Slow Response to Moroccan Oil Spill Decried
| PARIS
AS threats to the Atlantic seaboard of Morocco from a huge black tide of oil appear to be receding, an international controversy is building over intervention rights in supertanker mishaps. A two-week-old oil spill from an Iranian supertanker, the Khark 5, still menaced important fishing and tourist industries on Morocco's Atlantic coast yesterday. Slow response to the incident is focusing attention on the need for better regional anti-spill intervention measures, as well as better international regulation for addressing such accidents.
Just as officials of the United States government came under heavy criticism last March for moving too slowly against the disastrous Exxon Valdez spill off Alaska, the Moroccan government has been hit domestically and internationally for its delayed and often ambiguous response to the huge spill.
At the same time, several European officials, including French Environmental Secretary Brice Lalonde, are proposing stronger international laws to allow nations to intervene when disabled ships in international waters pose a potentially serious environmental threat.
The spill was touched off Dec. 19 when the Khark 5, transporting 284,000 tons of Iranian light crude, caught fire and was abandoned by its crew. The tanker quickly lost 70,000 tons of its cargo - about twice as much as that spilled by the Valdez - but not until last weekend did Moroccan officials call in French, British, Spanish, and other European cleanup specialists.

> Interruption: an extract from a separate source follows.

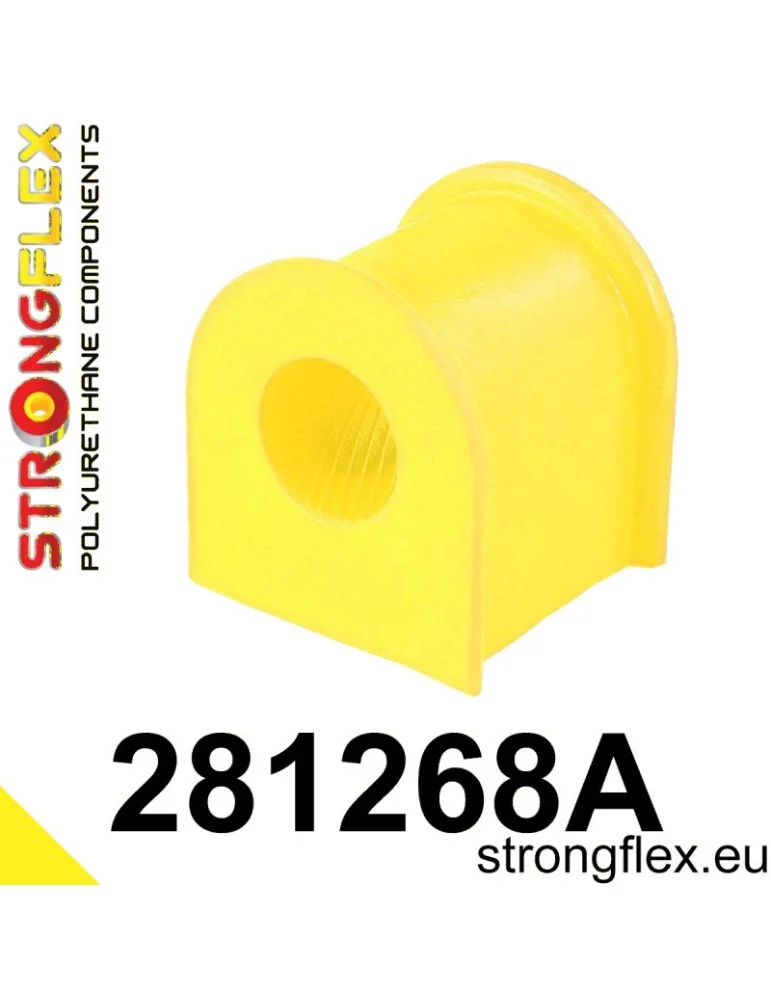  Silent block Polyuréthane de Barre stabilisatrice SPORT Arrière Nissan 200SX S13 88-93
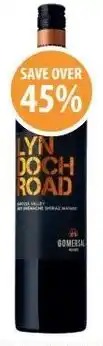Supabarn Lyndoch road barossa valley grenache shiraz mataro offer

While Moroccan intervention teams, aided by experts from Europe and the US, are closely watching weather conditions to see if what is now a ``chocolate mousse'' might still hit land, the Khark 5 is being towed south toward the Cape Verde Islands, where salvagers hope to pump out its remaining cargo and repair the ship. Many observers, however, worry that the tanker is so damaged that it could split and spill more than 200,000 tons of crude into the ocean.
Some international oil accident experts say the Khark 5 is a case in point for improving regional intervention preparedness. ``There is really no coordination along this section of the Atlantic,'' says Lucien Laubier, chief scientific adviser with IFREMER, the French Institute for Ocean Development.
``After some tragic accidents, the North Sea countries are now well-coordinated to intervene,'' and similar efforts are being made in the Mediterranean Sea and the Persian Gulf, says Mr. Laubier. ``Things are improving, but this accident proves much more is needed.'' He says many African coastal countries have little more than buckets and shovels for combatting spills.
Morocco will face a ``long and costly cleanup process'' if the ``chocolate mousse'' - a term coined to describe the frothy mixture that hit France's Brittany coast in 1978 following the Amoco Cadiz accident - reaches its shores. Laubier says only manual cleaning operations would be effective at that point.
The Dutch company charged with salvaging the Khark's remaining cargo says it could have acted sooner if it had been allowed to tug the tanker into calm waters, but it says both Morocco and Spain denied its request.
On the other hand, some experts insist that part of the delay in addressing the Khark 5 accident was caused by ``bargaining'' among the tanker's owner, the Iranian National Oil Company, the salvaging company, and the tanker's insurers. Mr. Lalonde says a ``legal void'' for addressing such accidents in international waters must be addressed. He said he would take up the issue with the 12 members of the European Community.